Petal Maps
- Website type: Web mapping
- Available in: Multilingual
- Owner: Huawei
- Creator: Huawei
- Website: petalmaps.com
- Commercial: Yes
- Registration: Optional
- Launched: 26 October 2020; 5 years ago
- Current status: Active, developing
- Written in: C++ (back-end), JavaScript, XML, Ajax (UI)

= Petal Maps =

Map service offered by Huawei

Petal Maps is a map service based on TomTom provided by Huawei to devices with the operating system HarmonyOS, Android and iOS. It offers satellite imagery, aerial photography, 3D view surroundings, turn-by-turn navigation, head-up display and route planning for traveling by foot, car, bike, and public transportation.

==Honors==
In 2021, Petal Maps was awarded the Red Dot Design Award.

== Features ==
=== Basic ===
Petal Maps offers the ability to zoom in and out to display the map. The user can control the map with the mouse to move to the desired location. Users can enter an address, intersection, or general area to search on the map.

If someone wants to search for "cakes in London" to find restaurants that serve that dish near the city. Searches can find a wide range of restaurants, hotels, theaters, and general businesses.

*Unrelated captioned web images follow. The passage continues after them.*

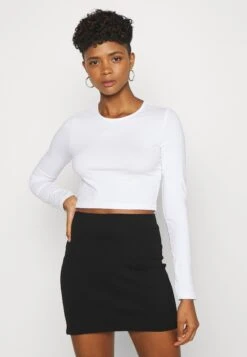 Even&Odd 2 Pack - Long Sleeved Top - White/Black 11 Even&Odd 2 Pack - Long Sleeved Top - White/Black -Even-Odd Store bdaf96616dc24103ac41b1f1cf4b76f8
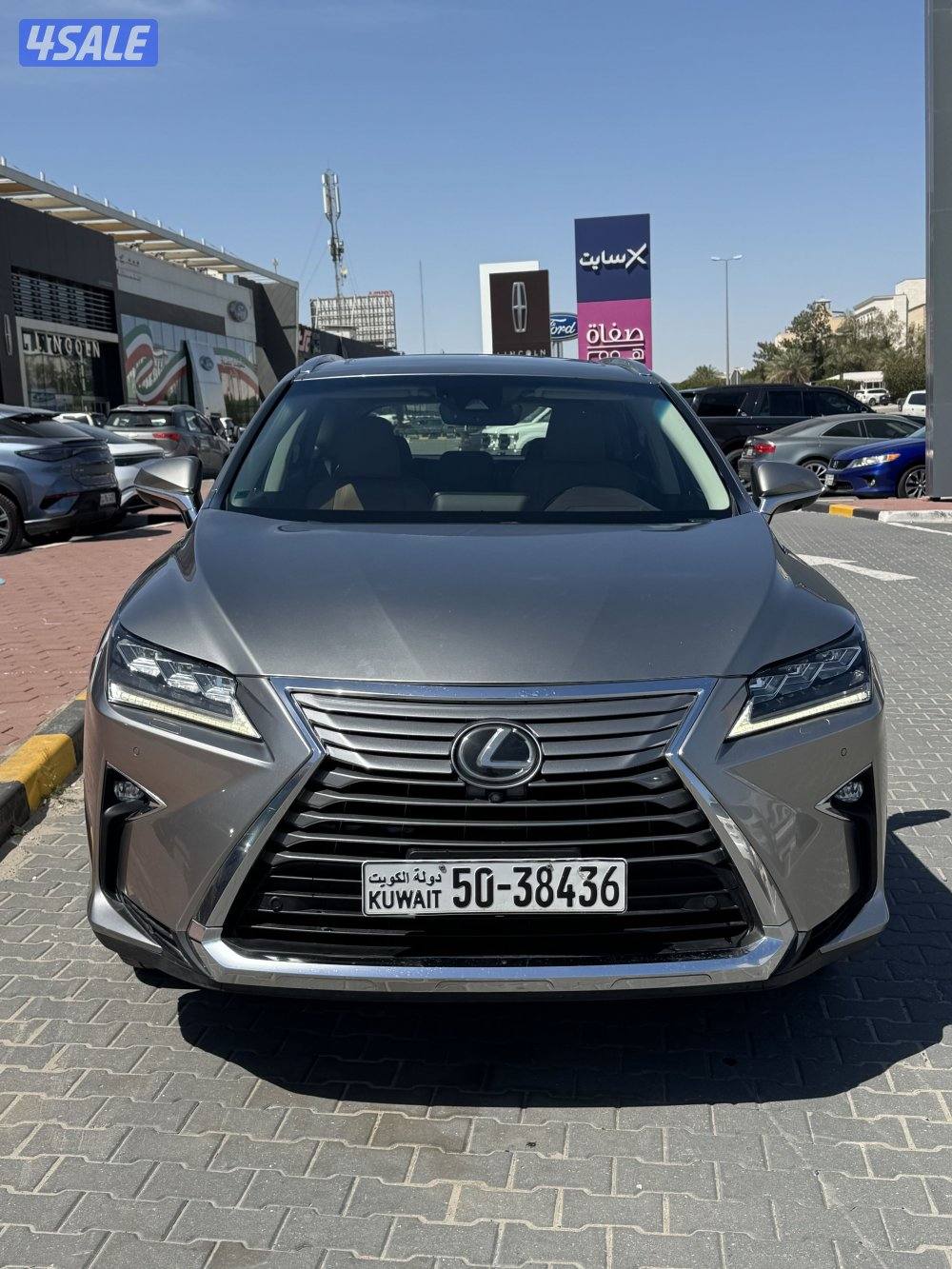 للبيع لكزسRX11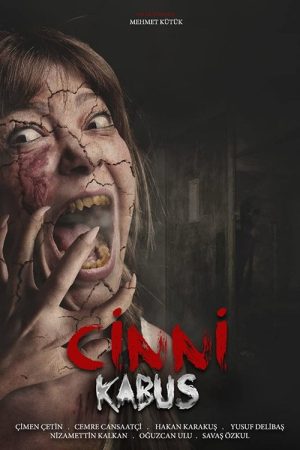 Jinn Nightmare (2021) poster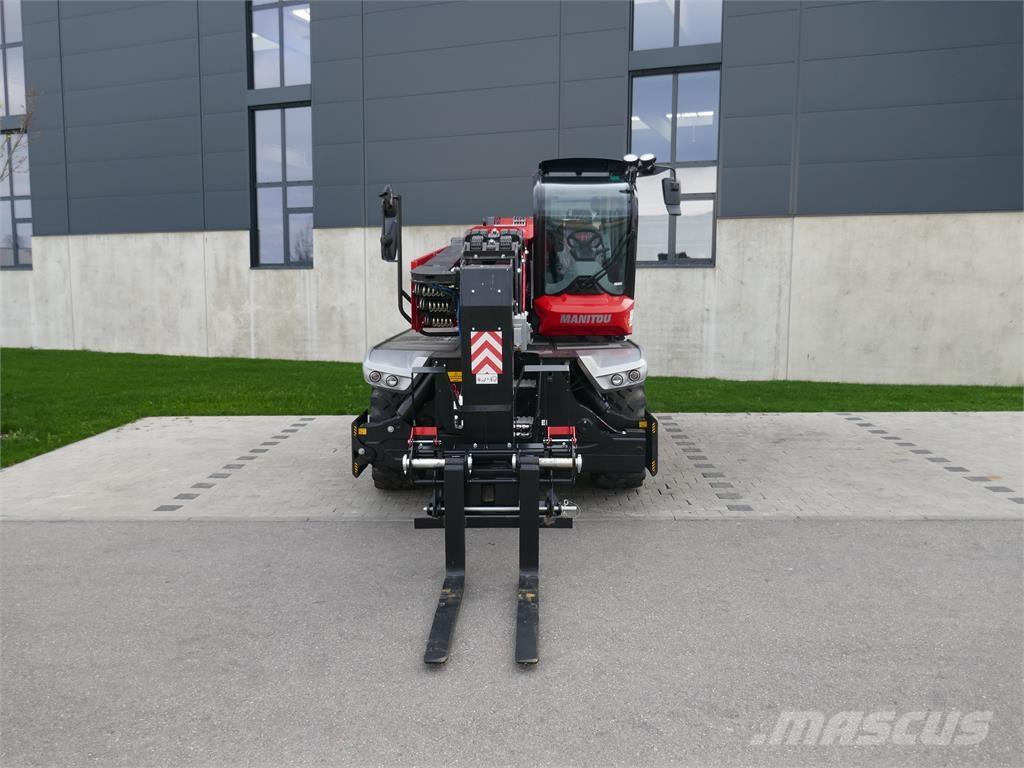 Manitou MRT 2570 Telescopic handlers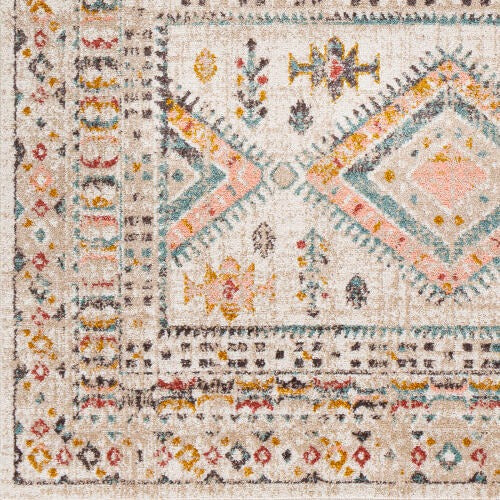 Ankara Machine Woven Rug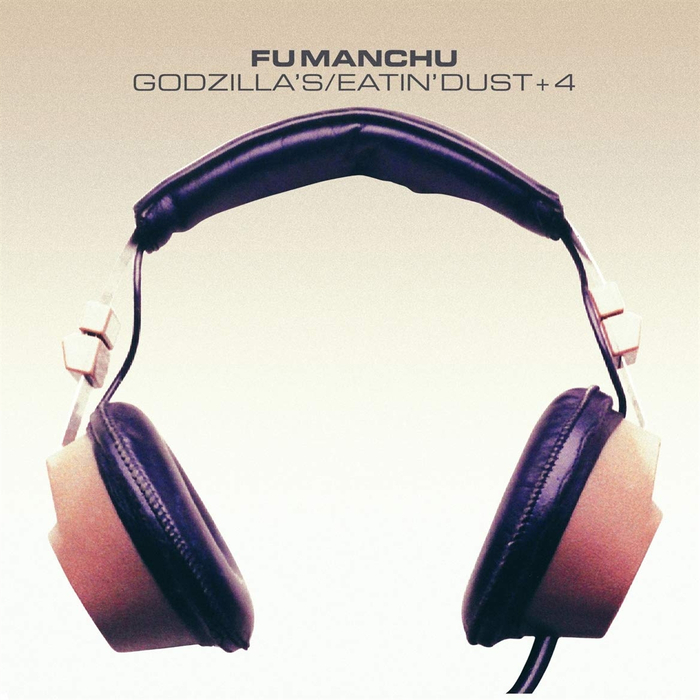 FU MANCHU - Godzillas / Eatin Dust + 4 (Glow In The Dark)
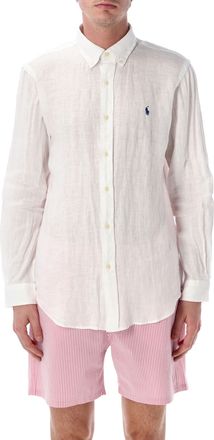 Polo Ralph Lauren T Shirts And Polos White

- Maps are sourced from Huawei.
- 3D view of the maps
- Satellite view.

=== Images provided by satellite ===

Currently the satellite view of Petal Maps is only available in the Petal Maps mobile app and not on the website.

== Mobile app ==

Petal Maps is available as a mobile app for the HarmonyOS, Android and iOS mobile operating systems. It was released in October 2020 for all Huawei devices through AppGallery, and in June 2021 for all Android devices through Google Play. As of March 2022, Petal Maps was released on the App Store for iOS users. It was released as a replacement for Google Maps.